Caption-style text data:
______________________________
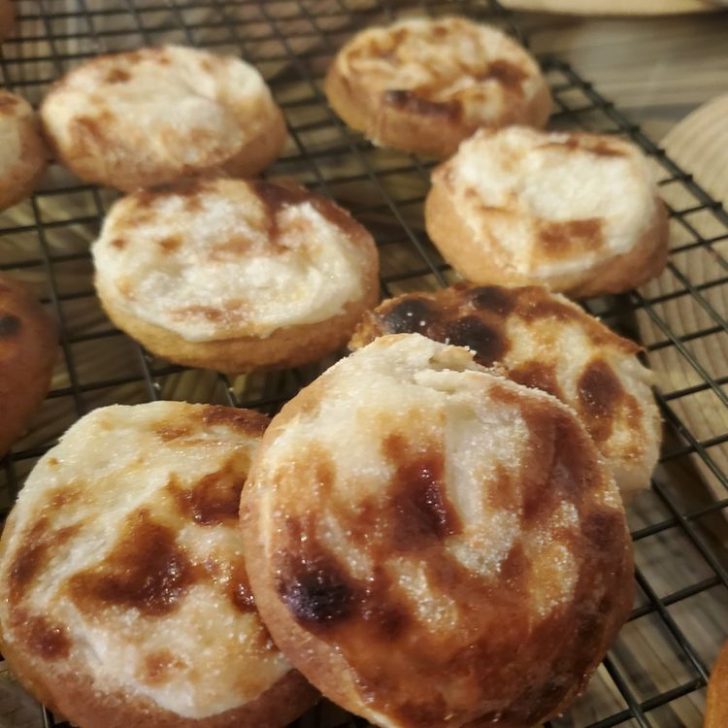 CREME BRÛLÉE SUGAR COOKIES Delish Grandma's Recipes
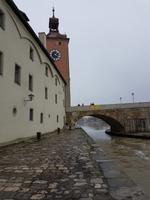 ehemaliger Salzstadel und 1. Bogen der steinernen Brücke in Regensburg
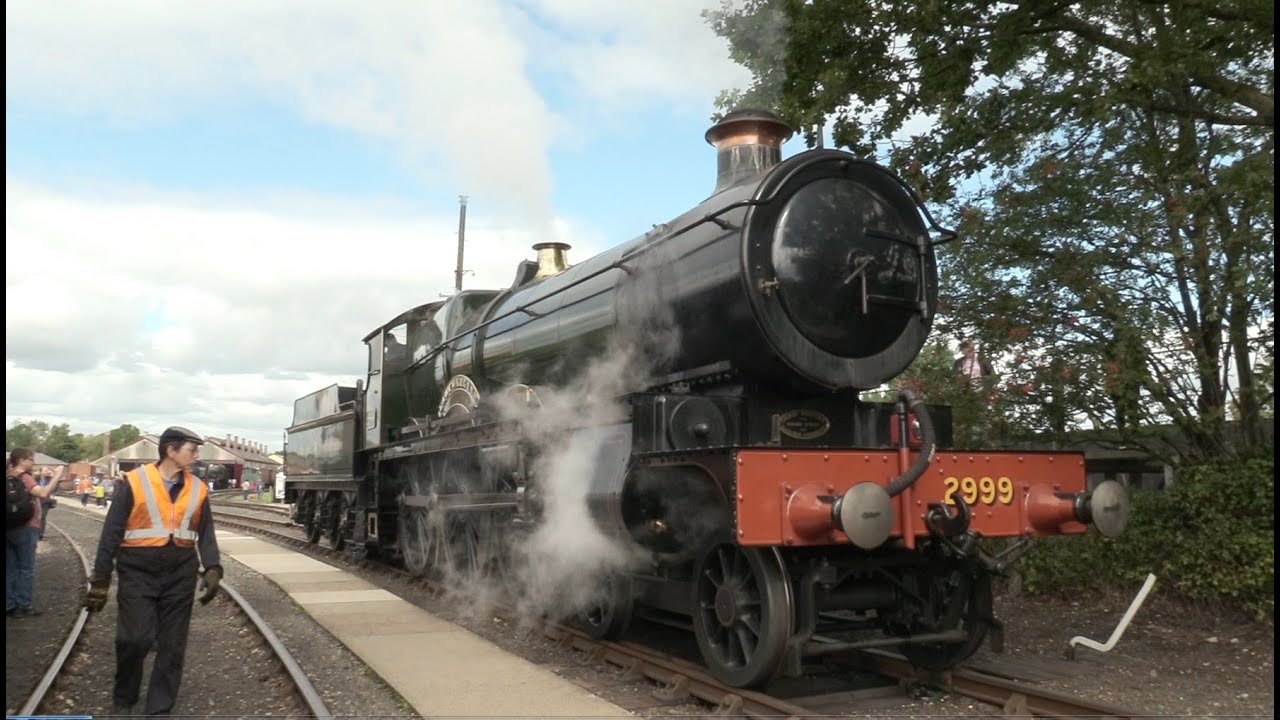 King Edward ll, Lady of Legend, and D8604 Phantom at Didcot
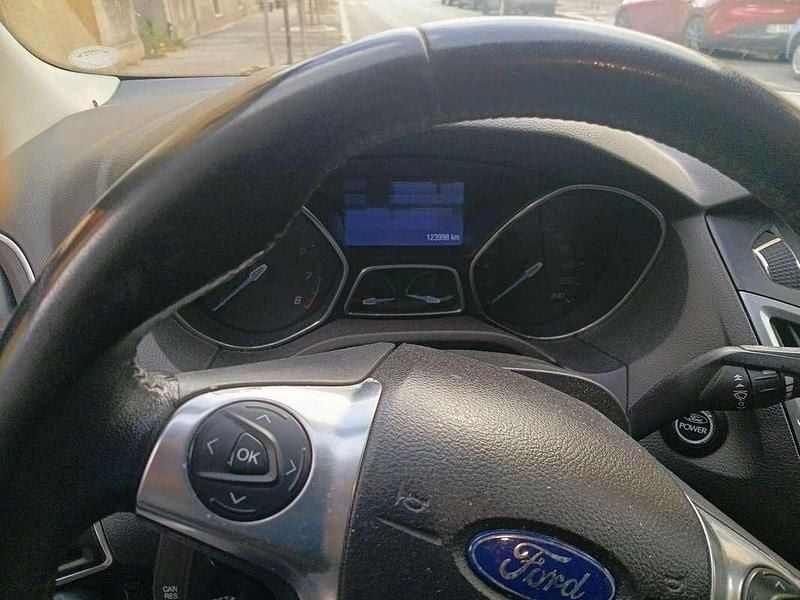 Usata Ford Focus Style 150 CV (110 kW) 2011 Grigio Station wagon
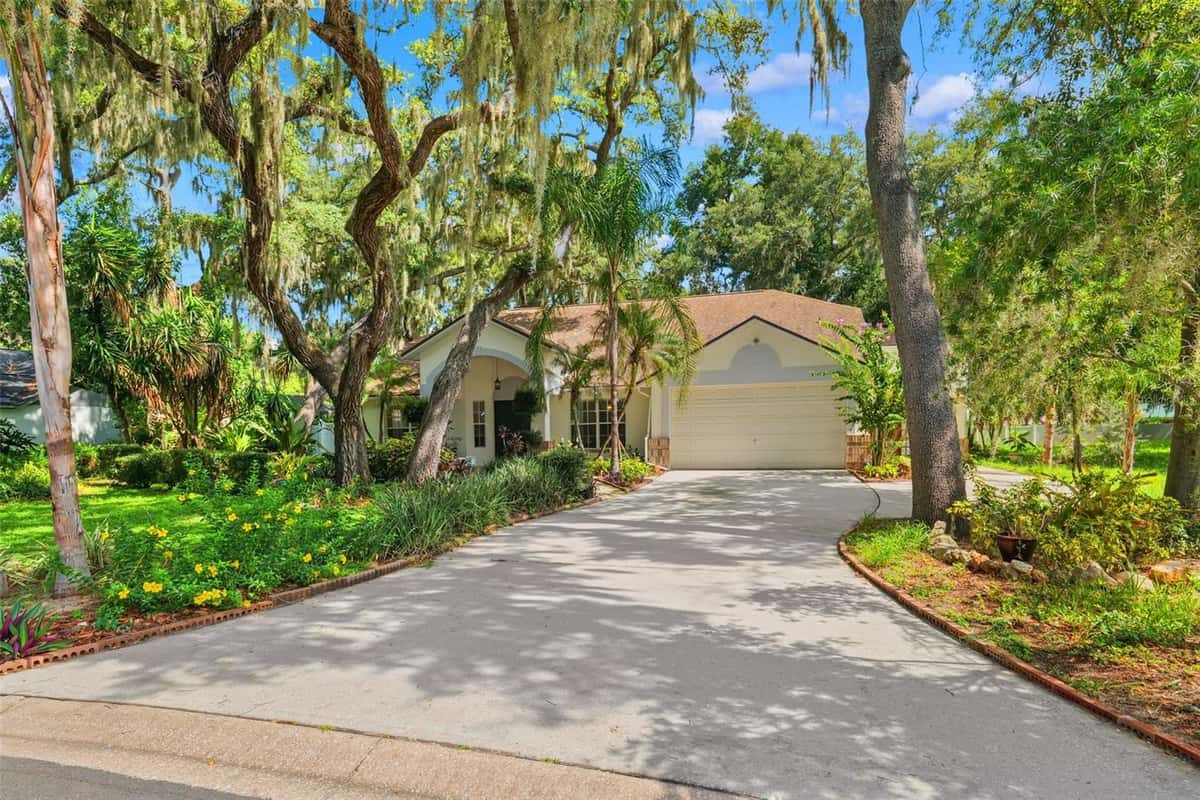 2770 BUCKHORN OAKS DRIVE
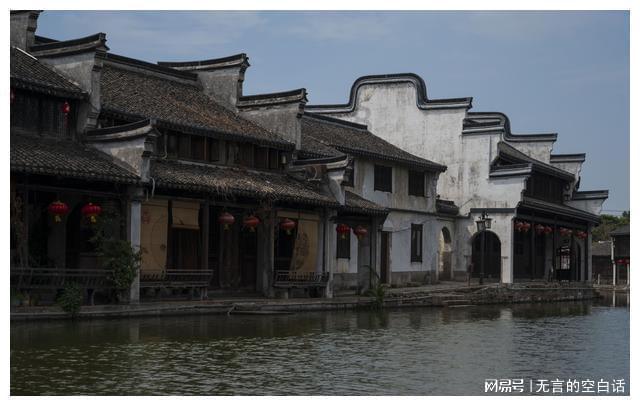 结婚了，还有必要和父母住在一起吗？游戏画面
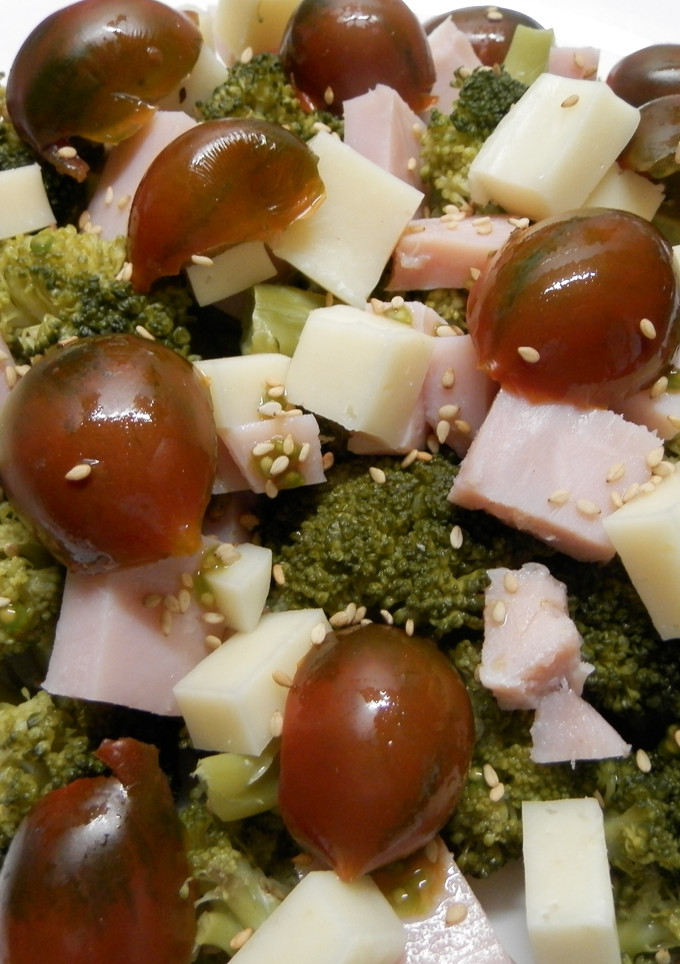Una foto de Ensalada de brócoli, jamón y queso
______________________________
YOUR GOAL: Your answer should hold only the lines from the line with "ehemaliger Salzstadel und" through the closing line of the records, restated exactly and free of pictures.

RESULT FOR THIS EXERCISE:
 ehemaliger Salzstadel und 1. Bogen der steinernen Brücke in Regensburg
 King Edward ll, Lady of Legend, and D8604 Phantom at Didcot
 Usata Ford Focus Style 150 CV (110 kW) 2011 Grigio Station wagon
 2770 BUCKHORN OAKS DRIVE
 结婚了，还有必要和父母住在一起吗？游戏画面
Una foto de Ensalada de brócoli, jamón y queso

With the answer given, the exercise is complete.